Federal tax reform discussions often include proposals to reduce or eliminate various tax expenditures—special exclusions, deductions, credits, and other provisions that allow people or businesses to reduce their income taxes.
This interactive map highlights the state distribution of several federal tax deductions and credits.
The maps reveal wide variation across the states, indicating that changing federal tax expenditures likely would change the geographic distribution of federal tax benefits.
Tax expenditures reduce the revenue the government would otherwise collect and are often similar to direct government spending in their goals as they seek to promote activities such as charitable giving and homeownership.
In 2013, federal tax expenditures are estimated to total about $1.1 trillion, rivaling total federal “discretionary” spending that Congress allocates annually to areas such as defense, education, and transportation.
Itemized deductions have been identified in various proposals under discussion in Washington as a target for tax reform and as a group are estimated to total about $215 billion in forgone revenue in 2013 (see definition of summing tax expenditures).
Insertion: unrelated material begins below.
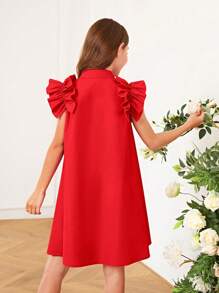 SHEIN Tween Girl Ruffle Trim Button Front Shirt Dress - Red - View 2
This amount is on a par with the largest single tax expenditures. The earned income tax credit ($58 billion) and the child tax credit ($41 billion) are some of the biggest federal tax credits.
The geographic distribution of federal tax expenditures is influenced by how a particular expenditure is structured as well as differences across states in income and other demographic characteristics, economic conditions, state tax structures, and other factors.
It is important to note that deduction amounts shown in the maps are not comparable, and cannot be added to, the credit amounts. This is because deductions reduce the amount of income that is subject to tax, whereas credits reduce the tax amount itself. Thus, the deduction amounts do not reflect the direct impact on a filer’s tax bill while the credit amounts do.